Les ministres européens des finances ont durci hier la discipline budgétaire du pacte de stabilité. L’eurodéputée Pervenche Berès (PS) craint que l’Europe néglige les investissements nécessaires dans l’éducation, la formation et la recherche au nom de l’orthodoxie budgétaire
Les ministres européens des finances ont décidé hier un renforcement du « pacte de stabilité». Qu’en pensez-vous ?
PERVENCHE BERÈS : On renforce ce pacte sans tenir compte de son échec par le passé, dans la mesure où il n’a pas empêché les pays de diverger. Ce nouveau texte ne permettra pas un examen intelligent des politiques économiques car il organise une surveillance quantitative des déséquilibres, sans analyse qualitative des situations. Il se contente de renforcer les sanctions liées à une situation de déficit excessif et en introduit de nouvelles, sur le critère de l’endettement excessif. En outre, la notion même de sanctions immédiates est étrange car elle revient à aggraver les difficultés de pays déjà mal en point.

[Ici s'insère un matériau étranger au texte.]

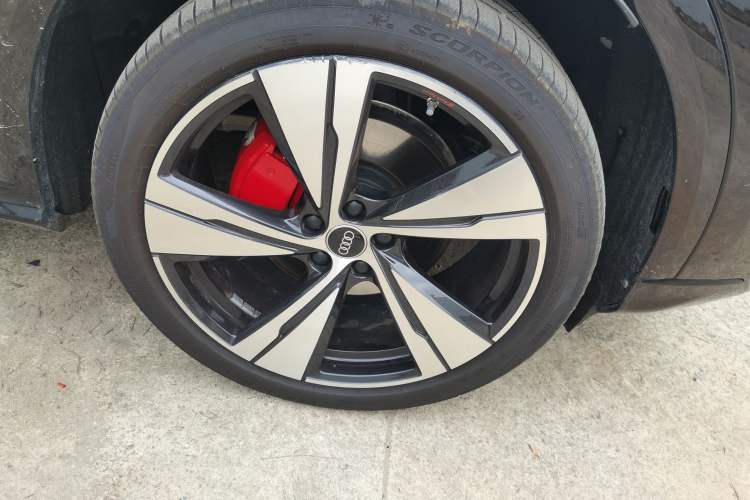 Used Audi Q5L 2026 Model Range: Intelligent Hybrid Premium Edition Right Front Wheel Hub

Ce n’est donc pas le début d’un meilleur pilotage économique?
Le simple fait que la chancelière allemande, Angela Merkel, ait enfin accepté, à travers ce « pacte pour l’euro », de parler de gouvernance économique européenne est en effet un progrès. Jusqu’ici, et le pacte de stabilité en est une illustration, elle s’intéressait avant tout aux sanctions à infliger aux États, sans évoquer un meilleur pilotage de la zone euro en amont. Le renforcement des dispositifs de sauvetage financier pour un État en difficulté, sous la pression des marchés, constitue aussi un pas vers davantage de solidarité européenne. Pour le reste, le « pacte pour l’euro » organise une convergence des politiques économiques des États et c’est une bonne chose mais je déplore les moyens choisis.

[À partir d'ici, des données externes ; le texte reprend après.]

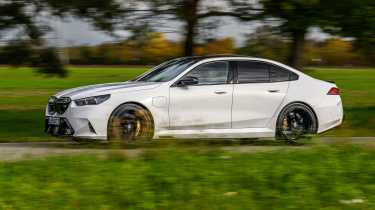 BMW M5 saloon panning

Que critiquez-vous précisément?
Ce pacte repose sur un présupposé consistant à sortir de la crise par la désindexation des salaires et des pensions sur le niveau de l’inflation, l’augmentation de l’âge de départ à la retraite, la flexibilisation du marché du travail. Le monde salarié est la seule variable d’ajustement. Dans le même temps, les objectifs d’harmonisation fiscale ont été revus à la baisse, alors qu’ils devraient procurer de nouvelles recettes. Le pacte instaure des mécanismes de réduction quasi automatique de la dette dans des proportions énormes et incohérentes (1). Les dirigeants concernés n’auront pas d’autres choix que de tailler aveuglément dans les dépenses publiques, y compris dans l’éducation, la formation et la recherche, alors même que le « pacte pour l’euro » appelle aussi les États membres à favoriser les investissements publics dans ce domaine.

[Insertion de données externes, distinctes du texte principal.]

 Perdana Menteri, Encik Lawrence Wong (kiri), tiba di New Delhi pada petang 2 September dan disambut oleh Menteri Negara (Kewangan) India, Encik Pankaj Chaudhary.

Que peuvent faire les députés européens ?
Les ministres des finances sont en train d’élaborer une coordination européenne des politiques budgétaires à partir des mêmes présupposés, et sans associer le Parlement. C’est antidémocratique, les citoyens ont besoin d’un vrai débat sur les choix économiques européens. Je vais proposer aux eurodéputés une méthode, très prochainement, pour faire entendre notre voix. J’estime par exemple que les dépenses d’éducation, de recherche et de formation ne devraient pas être intégrées dans le calcul du déficit et de la dette publics, ou que leur poids soit pondéré. Plutôt que de pénaliser les États qui voudront mettre en oeuvre cette priorité d’éducation et de formation, il faudrait sanctionner ceux qui ne s’en donnent pas les moyens !
Comment éviter la rigueur en pleine crise de la dette ?
Je ne suis pas irresponsable, mais sortir d’un endettement excessif grâce à la saignée, ce n’est pas soigner le malade. Et penser que, du jour au lendemain, on va diminuer les dettes et en même temps pouvoir faire face à tous les défis, je n’y crois pas. Il nous faut plus de temps pour redresser nos finances publiques, au-delà de 2013-2014, afin de recréer des marges de manoeuvre. Sinon, nous allons étouffer l’investissement et la croissance.
L’Europe présentera sa « réponse globale » à la crise de l’euro au sommet européen la semaine prochaine. La monnaie unique sera-t-elle hors de danger?
Non. La crise de l’euro sera finie le jour où les États auront récupéré une capacité de croissance grâce à une stratégie d’investissement et de relance. Cela passe aussi par une taxe sur les transactions financières, l’émission d’euro-obligations et la nomination d’un « Monsieur euro ». C’est la seule manière de rassurer les marchés sur la solidité du projet européen.
RECUEILLI PAR MARIE DANCER
(à Bruxelles)
(1) Le pacte stipule que les États devront réduire chaque année leur dette d’un montant équivalent à 1/20 de l’écart entre leur dette et le plafond autorisé par l’Europe de 60 % du PIB.